Attribute type	Attributes
Context line attributes	XGL_CTX_LINE_COLOR XGL_CTX_LINE_STYLE XGL_CTX_LINE_WIDTH_SCALE_FACTOR XGL_CTX_LINE_COLOR_SELECTOR
Context marker attribute	XGL_CTX_MARKER_COLOR_SELECTOR
Context surface attributes	XGL_3D_CTX_SURF_FACE_CULL XGL_CTX_SURF_FRONT_COLOR XGL_CTX_SURF_FRONT_COLOR_SELECTOR XGL_3D_CTX_SURF_FRONT_ILLUMINATION XGL_3D_CTX_SURF_BACK_COLOR XGL_3D_CTX_SURF_BACK_COLOR_SELECTOR XGL_3D_CTX_SURF_BACK_ILLUMINATION XGL_3D_CTX_SURF_GEOM_NORMAL
Picking attributes	XGL_CTX_PICK_ID_1 XGL_CTX_PICK_ID_2

When these attributes are applied to a Pcache, they are recorded in a device-specific format. At a later time, the xgl_pcache_display() operator can display its contents. Once xgl_pcache_display() is called, the Pcache is closed, and the attributes may no longer be changed.
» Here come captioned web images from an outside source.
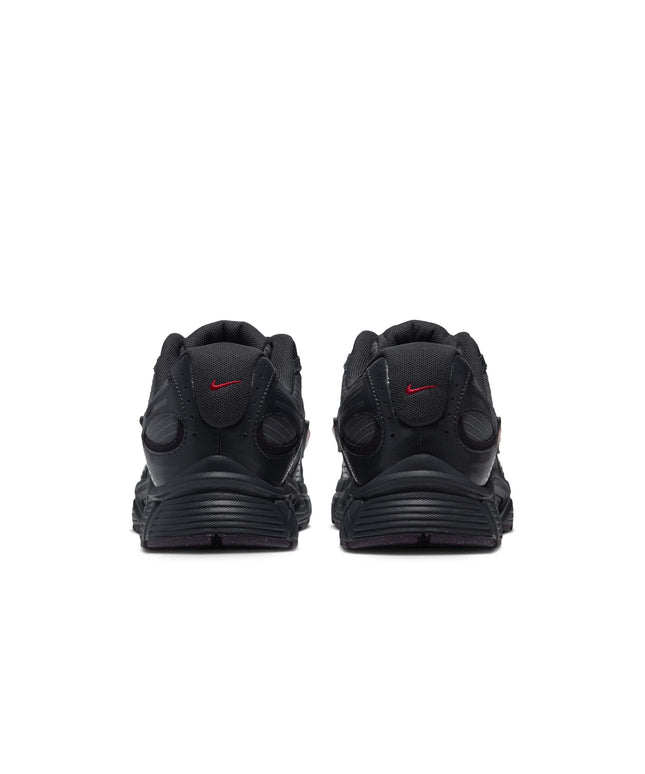 Rear view of Nike V5 RNR sneakers in iron grey ripstop fabric featuring tough red mini swooshes on the heel tabs.
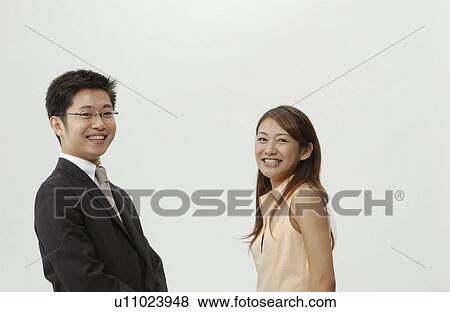 Stock Photo - Young Business Man and Woman. Fotosearch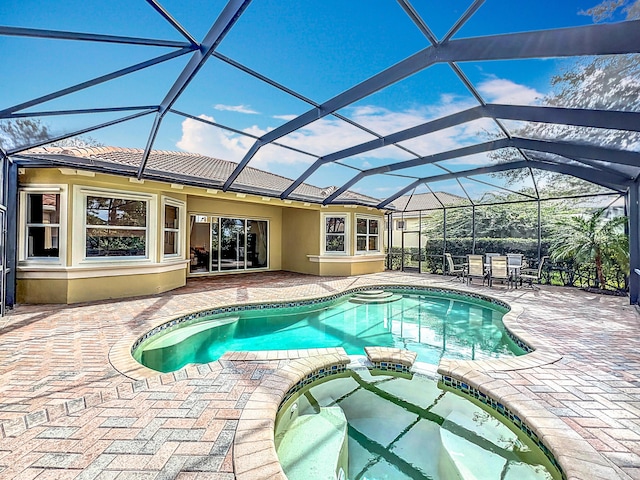 view of pool featuring an in ground hot tub, glass enclosure, and a patio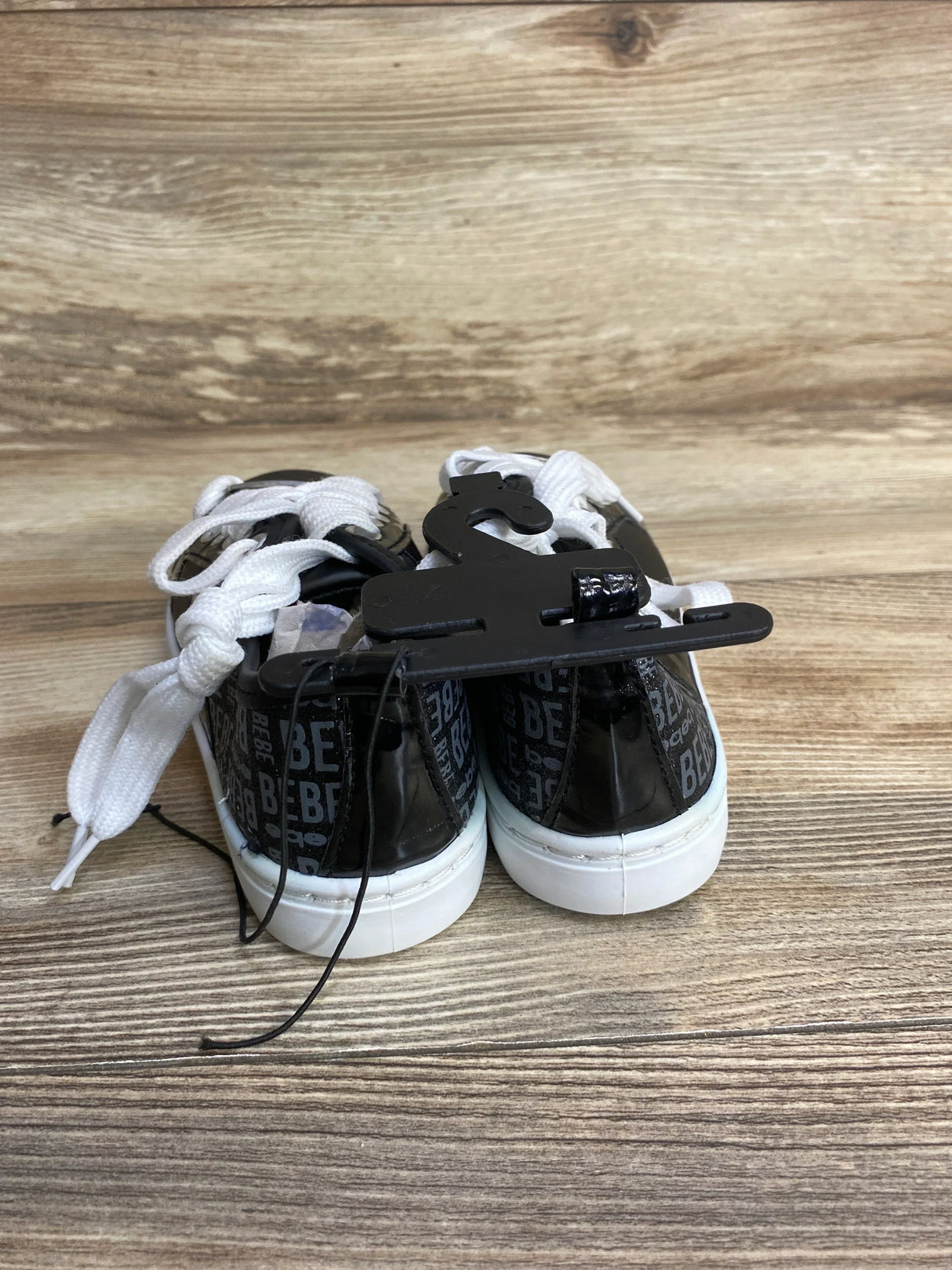 Back view of black Bebe sneakers with white laces on wood surface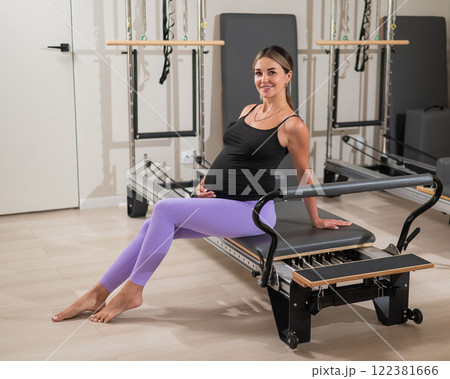 Pregnant woman resting after Pilates on a reformer machine. Pregnant woman resting after Pilates on a reformer machine. 122381666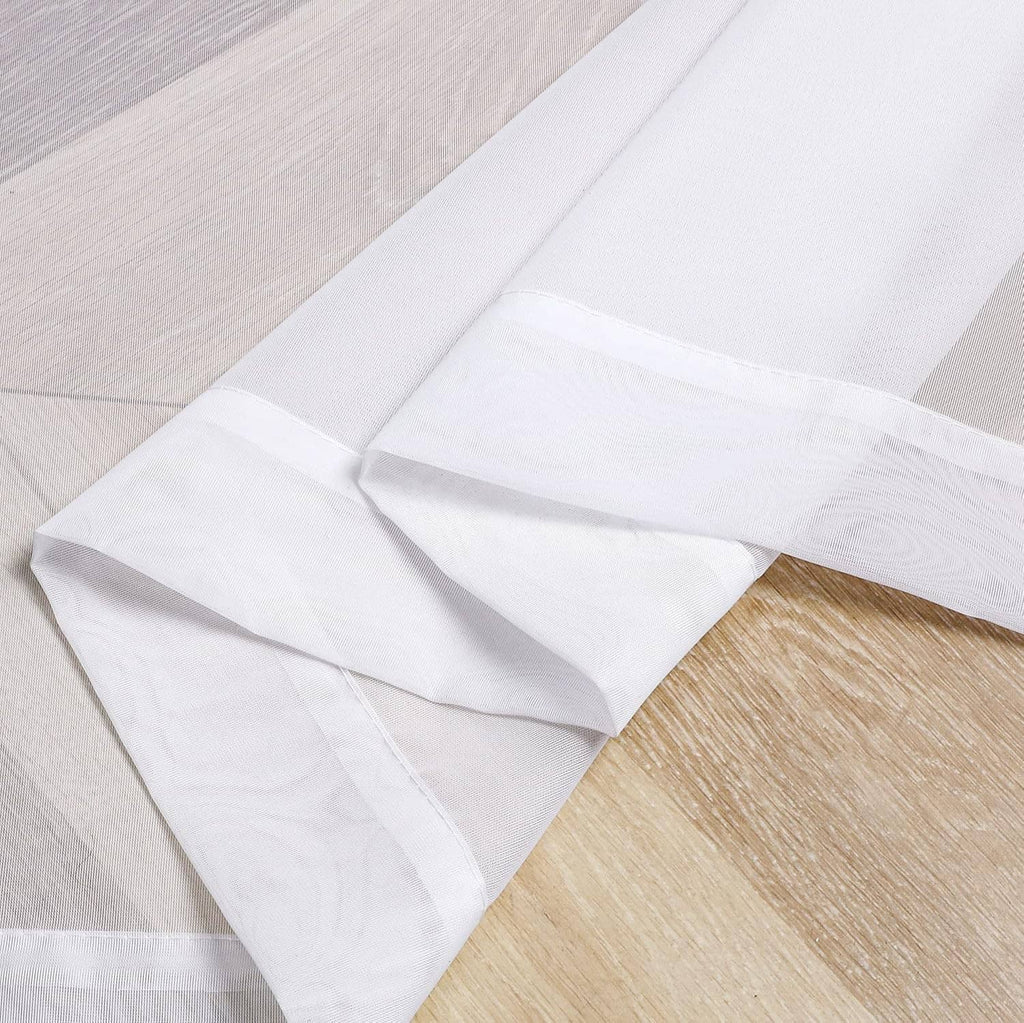 White sheer curtain fabric panels, neatly folded with soft, translucent look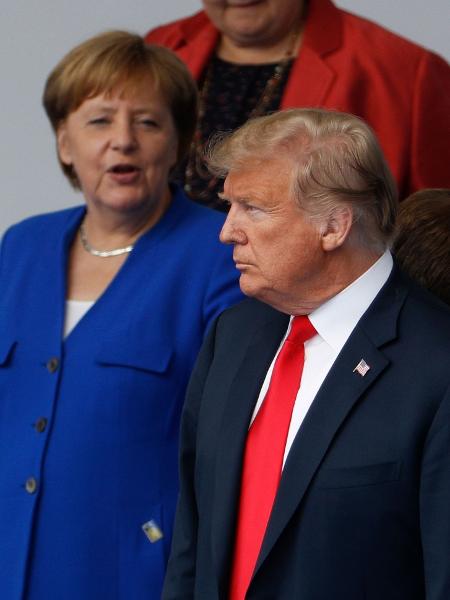 11.jul.2018 - Donald Trump, presidente dos Estados Unidos, ao lado da premiê da Alemanha, Angela Merkel - AFP PHOTO / GEOFFROY VAN DER HASSELT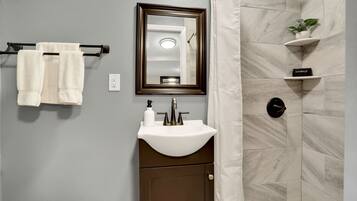 Shower, hair dryer, towels, shampoo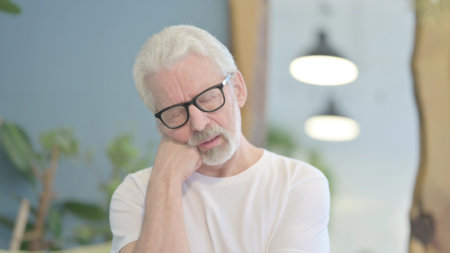 Portrait of Tired Senior Old Man Sleepingの写真素材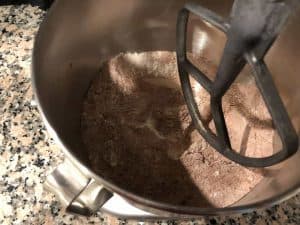 Combine the dry ingredients - Sift together flour, sugar, cocoa, baking soda, baking powder, and salt into the bowl of a stand mixer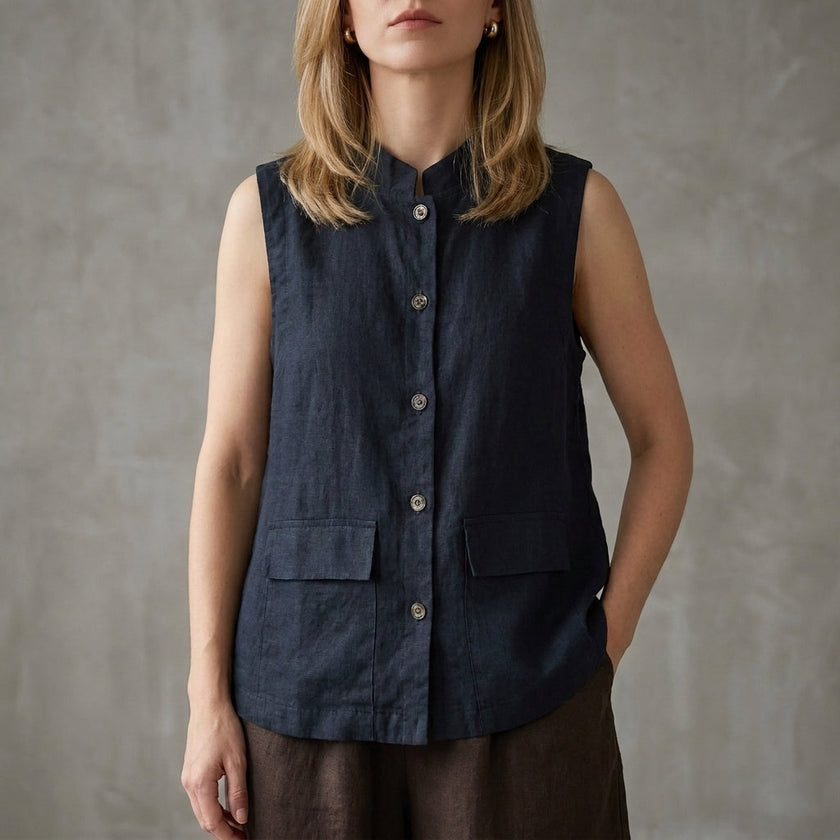 Blue sleeveless denim summer blouse for women with button front, stylish top by FJØRNA.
An application can empty (and re-open) a Pcache by applying the operator xgl_context_new_frame(). A Pcache is also emptied whenever it is associated with another Context or its Context is associated with another device. It is an error to use the Pcache (except to destroy or re-associate it) if either its Context or Device has been destroyed.

Displaying a Pcache

The application displays the Pcache using the xgl_pcache_display() operator. This function performs four tasks:

1. It closes the Pcache.

2. It compares the Pcache and Context states.

3. If Context state and Pcache state match, it displays the Pcache.

4. It returns the result of the comparison.

Xgl_cache_display xgl_pcache_display( Xgl_pcache pcache, Xgl_boolean test, Xgl_boolean display, Xgl_boolean restore);

When a Pcache is built, XGL may make assumptions about the state of the Context to which it is attached. At display time, the application may test these assumptions to verify that they are still valid. If so, the Pcache is rendered. If not, the application is informed that the Pcache needs to be rebuilt. The parameter test controls the validation of the Pcache and Context states. If test is FALSE, the Context state is not validated and the return value is XGL_CACHE_NOT_CHECKED. If test is TRUE, the Context state is compared with that of the Pcache. If the state is compatible, the return value is XGL_CACHE_DISPLAY_OK; otherwise, it is XGL_CACHE_ATTR_STATE_DIFFERENT.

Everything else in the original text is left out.